Quick note about statistics

Today we are going to talk about how to code a simple linear model. Now that we are getting into some basic statistics, I want to make a point that this blog is focused on coding, not statistical theory. I am not going to spend much time discussing when or why to use different statistical tests, but will instead refer you to some of my favorite texts on the subject. Please, please, please, make sure that you understand your data and that it meets all the required assumptions of the different tests that we will run today and into the future.

Linear Models

Today, we are going to use Piper’s mussel and barnacle data again and build off our code from week three (click here for a reminder). You will recall that we calculated various summary statistics for her tide height data (means, minimum, and maximum values) across her different sites and regions. Today, we are going to see if there is any relationship between those values and latitude.

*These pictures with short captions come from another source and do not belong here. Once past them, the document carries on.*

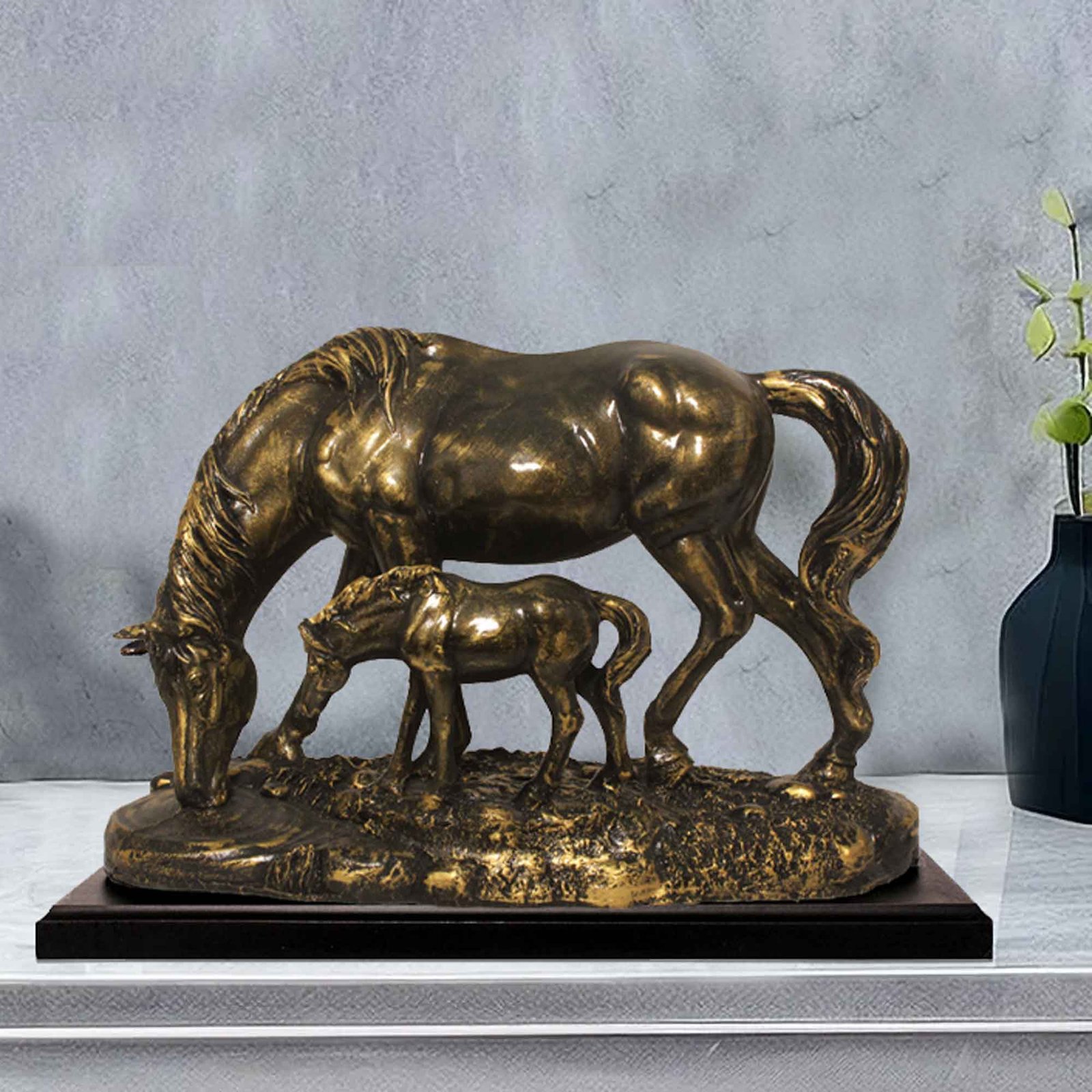 Mother and Baby Horse artifacts for bedroom Brass Antique Finish with Wooden Base 24 cm G57GW1087BBAGX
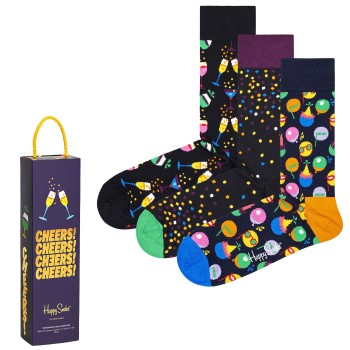 Läs mer om Happy socks Strumpor 3P Celebration Socks Gift Box Svart mönstrad bomull Strl 41/46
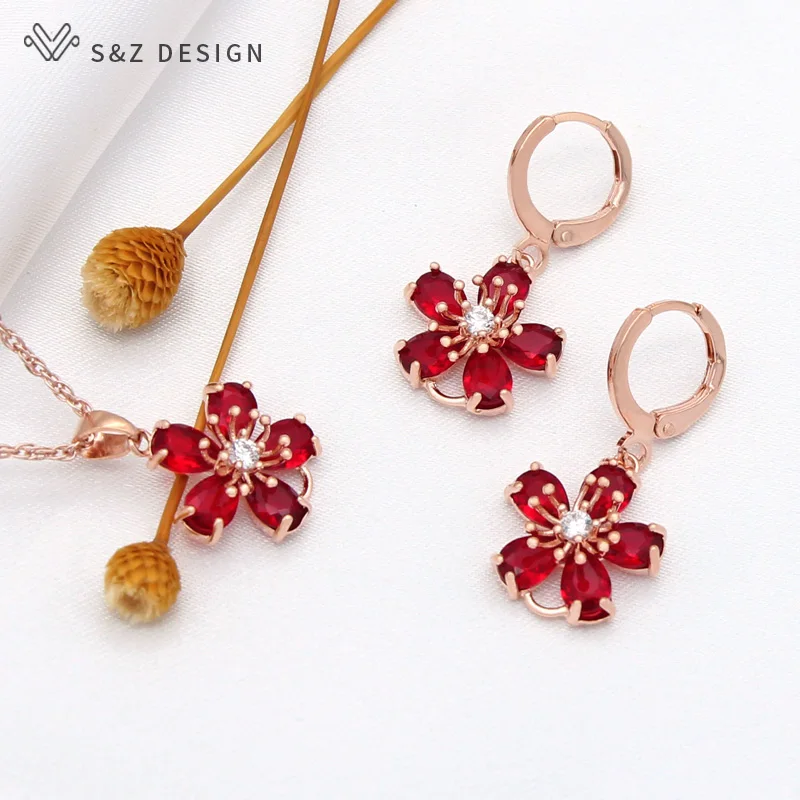 S&Z DESIGN New Fashion Cute Red Flowers Cubic Zirconia Dangle Earrings Jewelry Sets Pendant Necklace For Women Wedding Jewelry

The basic anatomy of a linear model is very simple:

mod <- lm(y~x)

lm stands for linear model. Inside the brackets is read as y (your dependent variable) is a function of x (your independent variable) and is called a formula. Formulas are a common format for many different statistical tests in R. This code can also be used for a multiple linear regression.

mod <- lm(y ~ x1 + x2 + x3)

Here, x1, x2, and x3 are three different independent variables.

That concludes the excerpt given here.